Here is Part I in a series of stunning reports from MC4EI:

Detroit used defective ballot boxes last November.

The Detroit Department of Elections, under the authority of City Clerk Janice Winfrey, allegedly used defective ballot boxes in the November 2020 elections.

This was reported to both legal counsels at the Wayne County Board of Canvassers and the Senate Oversight Committee, which recommended an investigation by the Secretary of State and the Attorney General. But none appears to have occurred, despite the fact that, under Michigan law, if a clerk is found guilty of using an unapproved ballot container in an election, it is a misdemeanor crime punishable by up to 90 days in jail.

Detroit City Clerk Janice Winfrey

The following is an excerpt from a soon-to-be-released report by Michigan Citizens for Election Integrity (, entitled “TCF Timeline: the 2020 Detroit General Election”:

Both Wayne County Board of Canvassers Chair, Monica Palmer and her fellow GOP canvasser, Bill Hartmann, had been to the DOE (Detroit Department of Elections) in January before the elections to examine and approve 50 new ballot boxes (metal transfer cases in which ballots are stored from the election through the canvass). While there, Hartmann noticed the back end of one of the boxes caved in when he pressed against it. The spot welds attaching the back end or “back beam” to the frame had failed. “Where the seams are you could shove papers right through the back of them,” Palmer told a Senate Committee. Concerned, Hartmann decided to test the others. Soon the canvassers were going from box to box reaching inside and giving a good “slap” on the back end from the inside out. Hartman recalled dozens of boxes failed this simple test.
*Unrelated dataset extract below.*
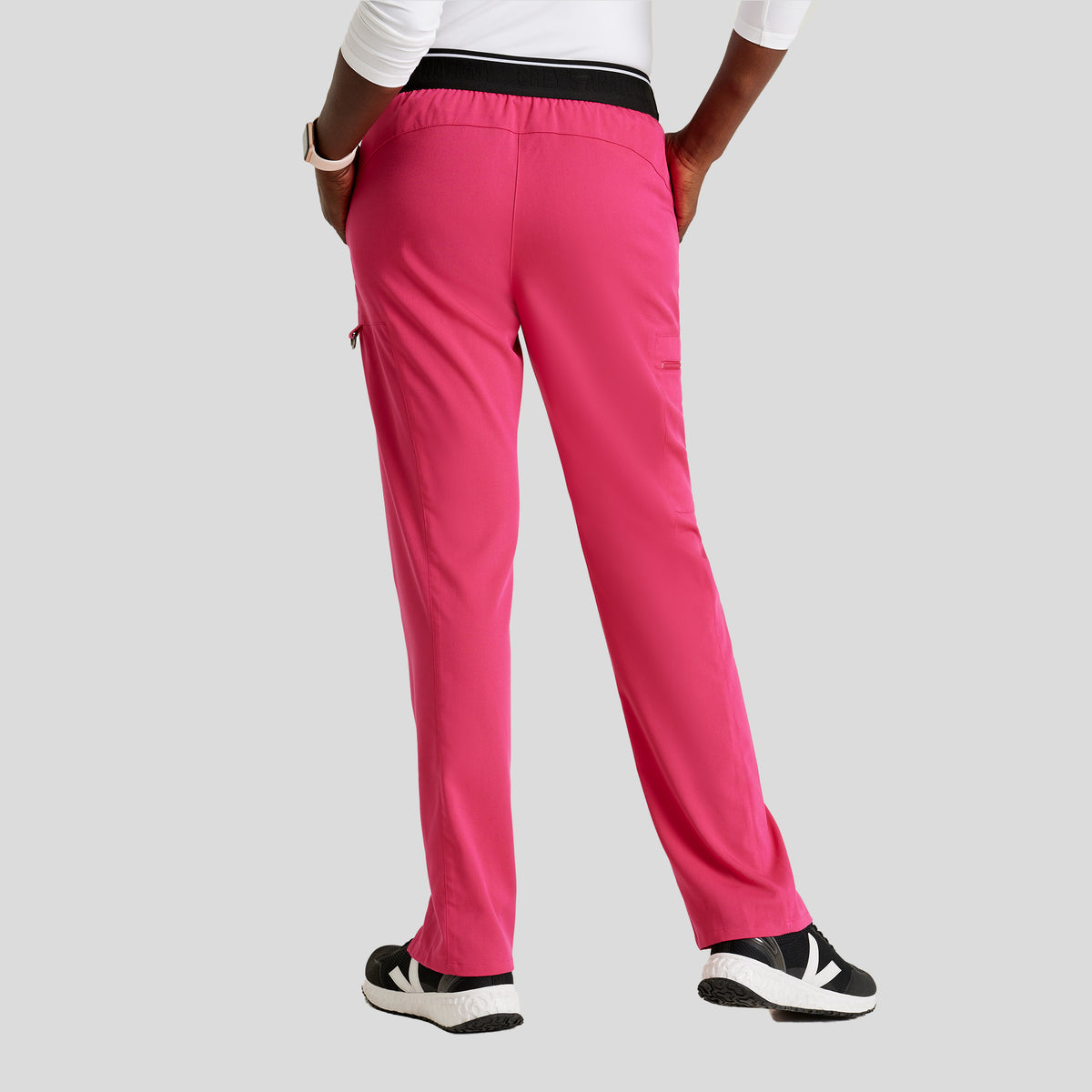 Kim 3-Pocket Mid-Rise Straight Leg Scrub Pant | Pink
“None of the boxes had any markings on them. No company name or any indication of what company manufactured them.” -Bill Hartmann, member of GOP Wayne County Board of Canvassers

He found it peculiar that “none of the boxes had any markings on them. No company name or any indication of what company manufactured them.” He then examined the cardboard boxes they arrived in. Again, there was no indication of a manufacturer or even any printed wording. Since the boxes were defective and the chain of custody could easily be compromised by someone slipping ballots through the gaps at the back, the canvassers ordered them to be repaired or replaced followed by a second attempt at certification. They recommended not using the same company due to its abysmal failure rate.

“The boxes were defective and the chain of custody easily compromised by someone slipping ballots through the gap in the back.” 

So, when Palmer and Hartmann arrived at the counting board floor on Election Day, they were appalled to find boxes to which they themselves had affixed and signed stickers back in January warning: “Not approved for use as a ballot container.” Palmer testified to Senator Ed McBroom: “I did observe several counting boards that were using the unapproved containers.” She emailed the Canvassing Board’s legal counsel. Under Michigan law, a clerk using an unapproved container could be charged with a misdemeanor. She then asked the Senators: “How are these processes happening? Especially when we had the Secretary of State send oversight in there to help improve things.”

The image below shows a ballot box that was used on November 3, 2020 election with a sticker signed by Detroit Board of Canvassers Chair Monica Palmer that clearly states: Not Approved For Use As A Ballot Container

Here is close up shot of the warning sticker on the ballot box:

Could unscrupulous election staff remove what might serve as a false backing on a sealed metal ballot container and insert, remove or swap out ballots? If the above testimony and the photo accompanying this excerpt are any indication, that is a valid concern. And what is the name of the mystery company that supplies the Detroit Department of Elections with defective ballot containers?

“Where the seams are, you could shove papers right through the back of them.” -Wayne County Board of Canvassers Chair, Monica Palmer

Normally, at the close of the election, these ballot containers are sealed by the workers at the respective counting board, the seal numbers are recorded and, under Michigan law, are required to be signed by one Republican and one Democrat. A GOP challenger, alleges that, at the close of counting, the TCF Counting Board chief, Daniel Baxter asked for a handful of Republican poll workers to sign the seals on numerous ballot containers that they did not feel comfortable signing. This was due to the fact that they did not work at the counting boards where the ballot containers originated and therefore, could not attest to having any knowledge of what was in the containers, or as to whether chain of custody was still intact.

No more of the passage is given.